I'm not sure Nash equilibrium exists for more than two players in this game.
Nash equilibria are still guaranteed to exist. But it's only the 2p zero-sum perfect recall case where an equilibrium has useful properties, like being robust against any opponent strategy, including a worst-case opponent who knows your strategy. In a multiplayer (> 2 players) game, opponents can collude against you and playing your part of a Nash gives no useful guarantees on performance. Even if they aren't colluding, in poker games, the presence of a bad player just before you in turn order can hurt your EV worse than their own. And even if all players independently compute their own Nash equilibria (there can be many) and use the piece for their position, then that combination of strategies may not itself be a Nash equilibria.
According to Wikipedia, and my memory from school, Nash equilibrium doesn't exist unless all players are aware of the optimal strategy and are seeking it.
Thanks for the explanation. I will also appreciate a reference to a good survey paper if you are in the mood :)
I don't know of a survey paper on CFR for multiplayer, but it's been showing up in conference papers and theses.

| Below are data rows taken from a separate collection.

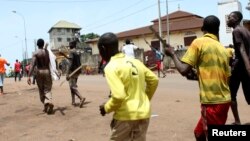 FIILE - Opposition protesters carry sticks as they march along a street in Conakry, May 2013.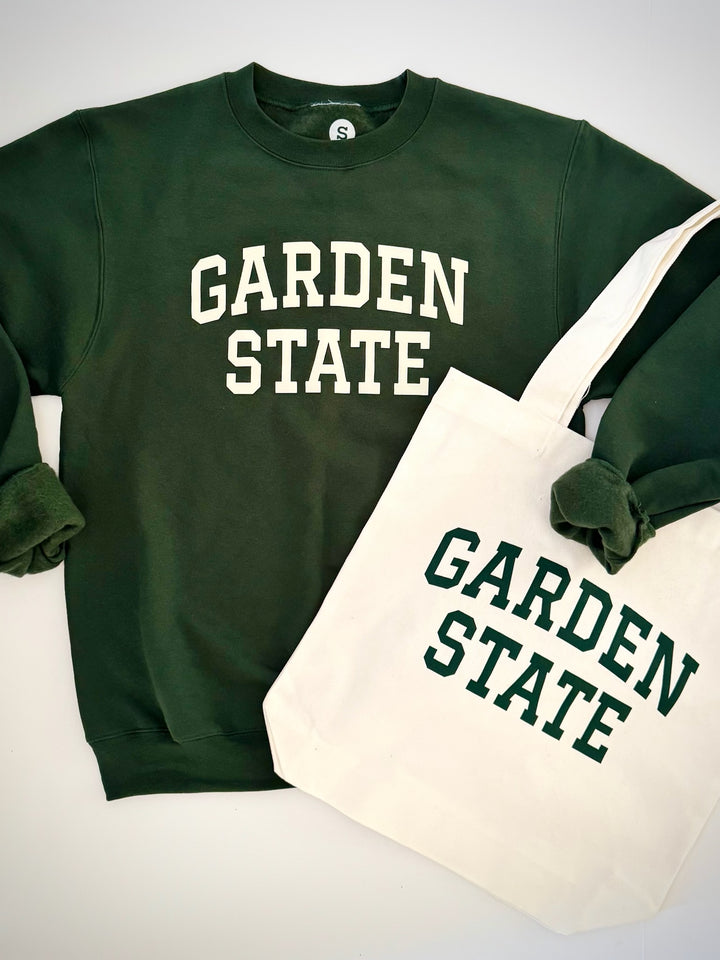Garden State tote bag in white canvas with dark green text paired with a matching dark green sweatshirt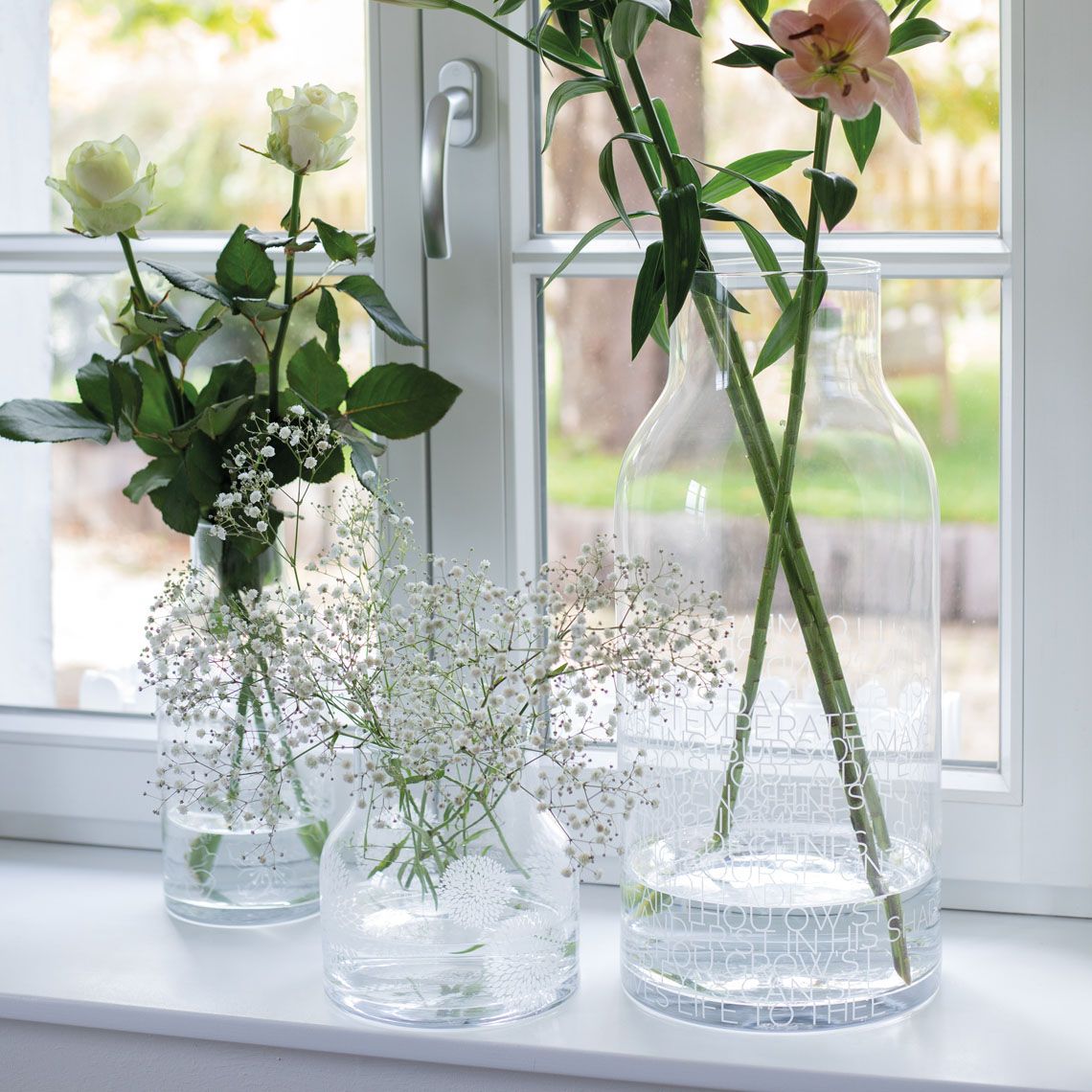Drei Living Glasvasen mit Blumen auf einer Fensterbank, dekorative Blumenvase für Zuhause.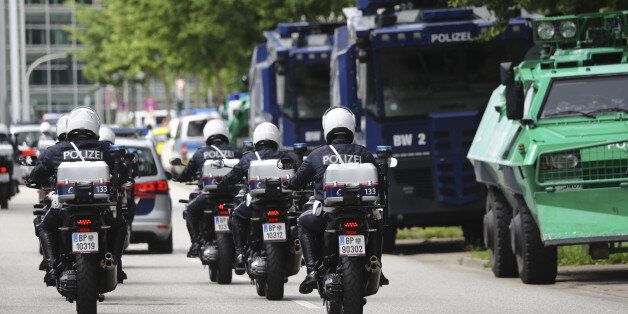 Austrian police officers ride on motorbikes ahead of the G20 summit in Hamburg, Germany, July 5, 2017. REUTERS/Kai Pfaffenbach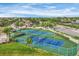 Aerial view of well-maintained tennis courts surrounded by lush landscaping and palm trees for active community engagement at 2921 Seasons Blvd, Sarasota, FL 34240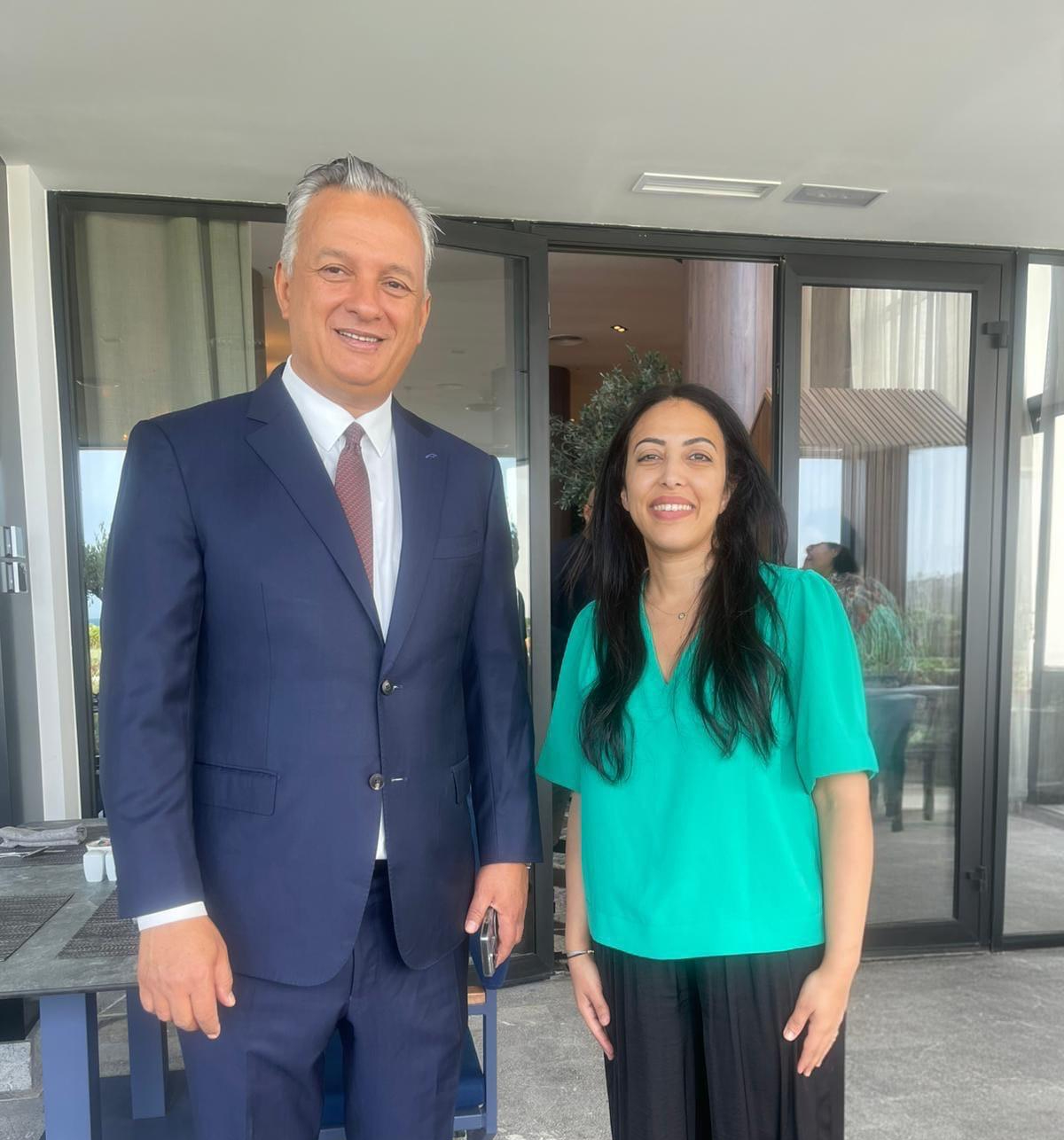 Le Dr Sana Amraoui, en haut vert, aux côtés d’un participant en costume bleu marine, en marge du Forum National de l’Investissement des Marocains du Monde à Tanger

Here's a link to a shorter conference paper where CFR does converge to a Nash, in 3p Kuhn poker. It describes a family of equilibria, where one player (the second to act, IIRC) has a parameter that can't affect their own EV (...or else it wouldn't be a Nash), but does determine how much the other two players win/lose from each other. This illustrates the problem in equilibria for multiplayer games: if you're players 1 or 3, then even if you are playing a Nash, and everyone else does too (albeit different equilibria), then you can still lose. https://webdocs.cs.ualberta.ca/~games/poker/publications/AAM...

For a longer read, the best I know of is probably Rich Gibson's PhD thesis. He focussed on CFR for multiplayer games.

https://webdocs.cs.ualberta.ca/~games/poker/publications/gib...

Thanks again. So I guess for multiplayer games a better approach would be reinforcement learning with no game theoretic heuristics?
Game theory is always applicable to games :-)

Nash equilibrium is just one aspect of some games.